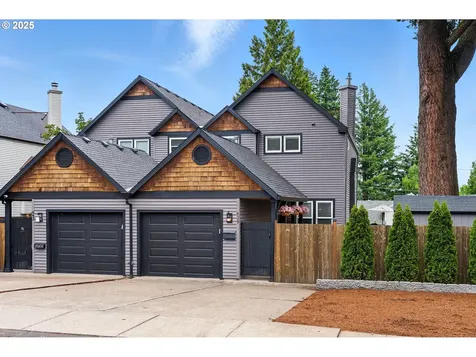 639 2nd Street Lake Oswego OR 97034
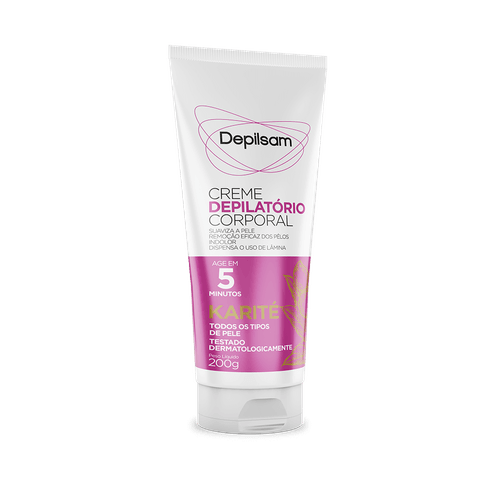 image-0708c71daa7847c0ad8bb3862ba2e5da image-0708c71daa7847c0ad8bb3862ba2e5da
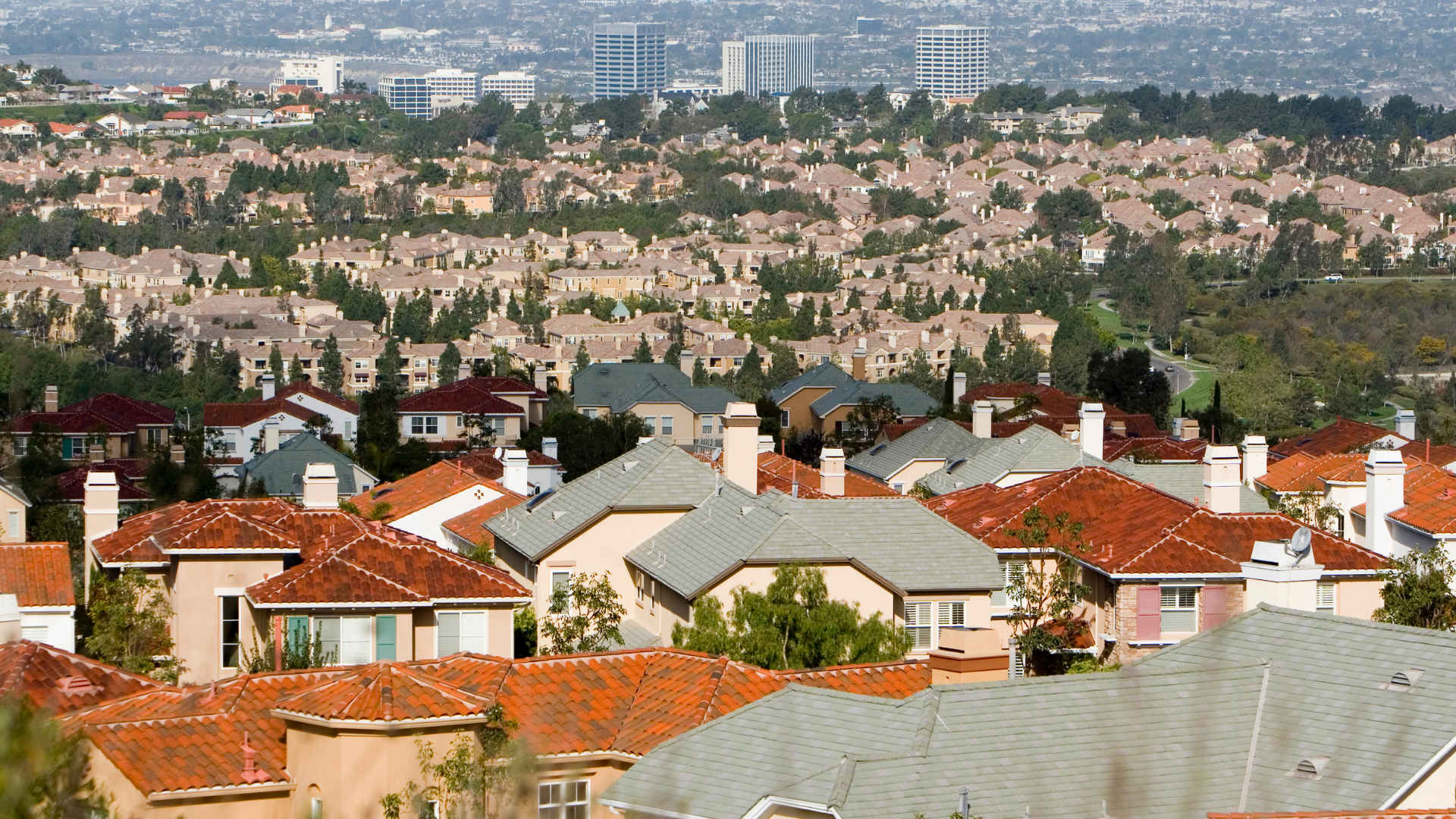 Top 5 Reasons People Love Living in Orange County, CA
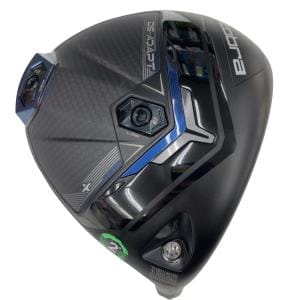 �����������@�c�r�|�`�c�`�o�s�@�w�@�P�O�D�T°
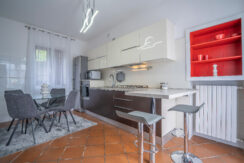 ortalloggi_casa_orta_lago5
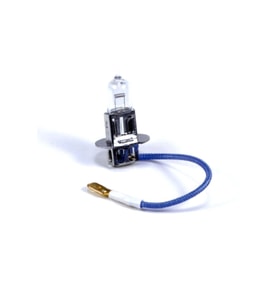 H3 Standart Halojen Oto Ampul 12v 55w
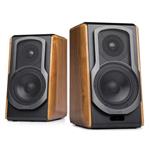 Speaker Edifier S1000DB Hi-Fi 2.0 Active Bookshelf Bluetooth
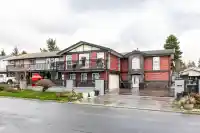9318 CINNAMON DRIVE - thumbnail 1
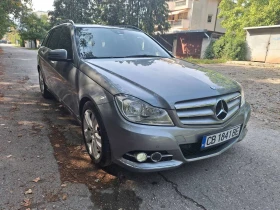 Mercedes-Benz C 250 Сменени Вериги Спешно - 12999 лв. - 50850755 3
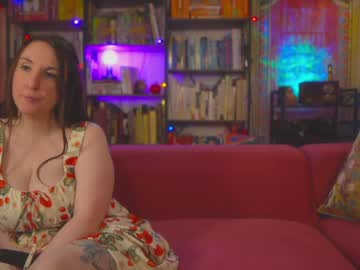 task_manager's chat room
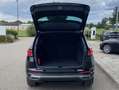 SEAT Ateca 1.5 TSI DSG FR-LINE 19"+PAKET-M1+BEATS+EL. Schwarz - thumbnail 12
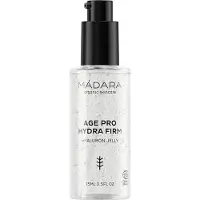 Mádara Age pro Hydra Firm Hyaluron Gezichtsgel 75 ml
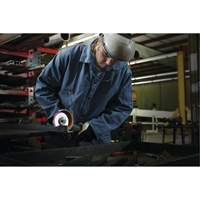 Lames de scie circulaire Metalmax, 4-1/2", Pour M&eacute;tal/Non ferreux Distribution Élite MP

———

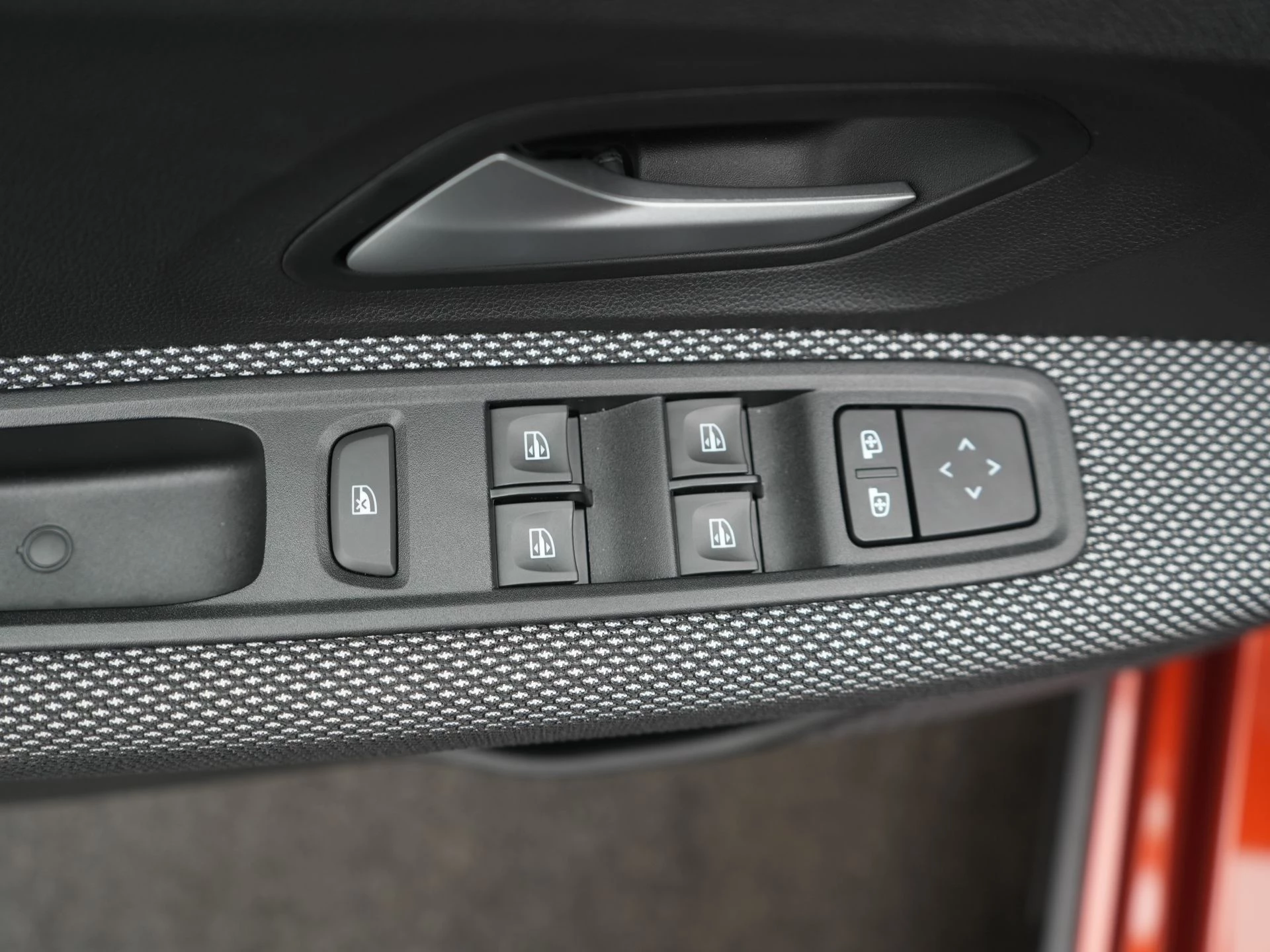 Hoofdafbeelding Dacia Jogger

———

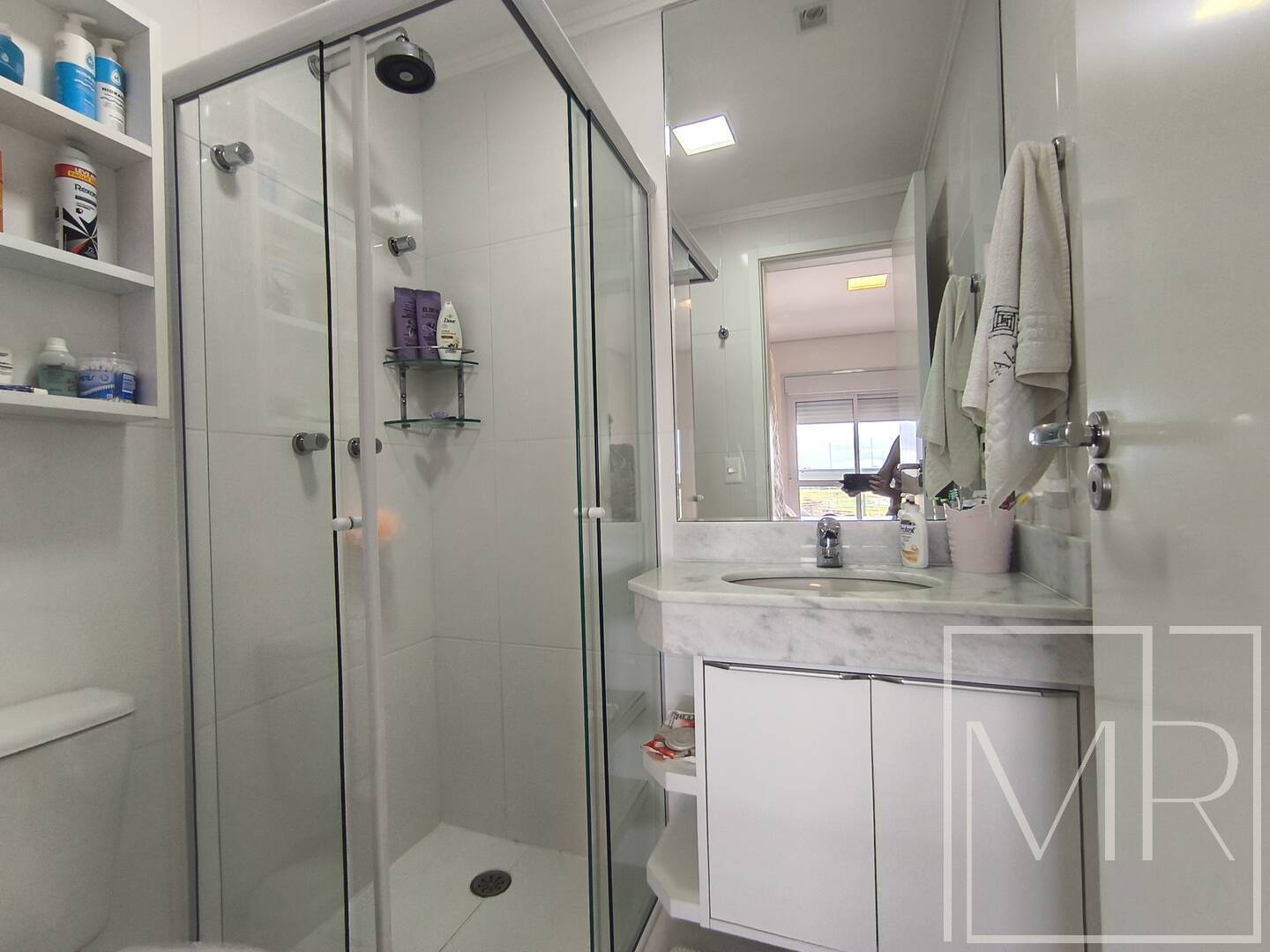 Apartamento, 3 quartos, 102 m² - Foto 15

———

**What is required**.
Within the listing above, copy exactly the lines that start at the one with "Top 5 Reasons" and continue through the one with "Lames de scie". Omit pictures.

**Answer section**.
 Top 5 Reasons People Love Living in Orange County, CA
 �����������@�c�r�|�`�c�`�o�s�@�w�@�P�O�D�T°
 ortalloggi_casa_orta_lago5
 H3 Standart Halojen Oto Ampul 12v 55w
 Speaker Edifier S1000DB Hi-Fi 2.0 Active Bookshelf Bluetooth
9318 CINNAMON DRIVE - thumbnail 1
 Mercedes-Benz C 250 Сменени Вериги Спешно - 12999 лв. - 50850755 3
 task_manager's chat room
 SEAT Ateca 1.5 TSI DSG FR-LINE 19"+PAKET-M1+BEATS+EL. Schwarz - thumbnail 12
 Mádara Age pro Hydra Firm Hyaluron Gezichtsgel 75 ml
 Lames de scie circulaire Metalmax, 4-1/2", Pour M&eacute;tal/Non ferreux Distribution Élite MP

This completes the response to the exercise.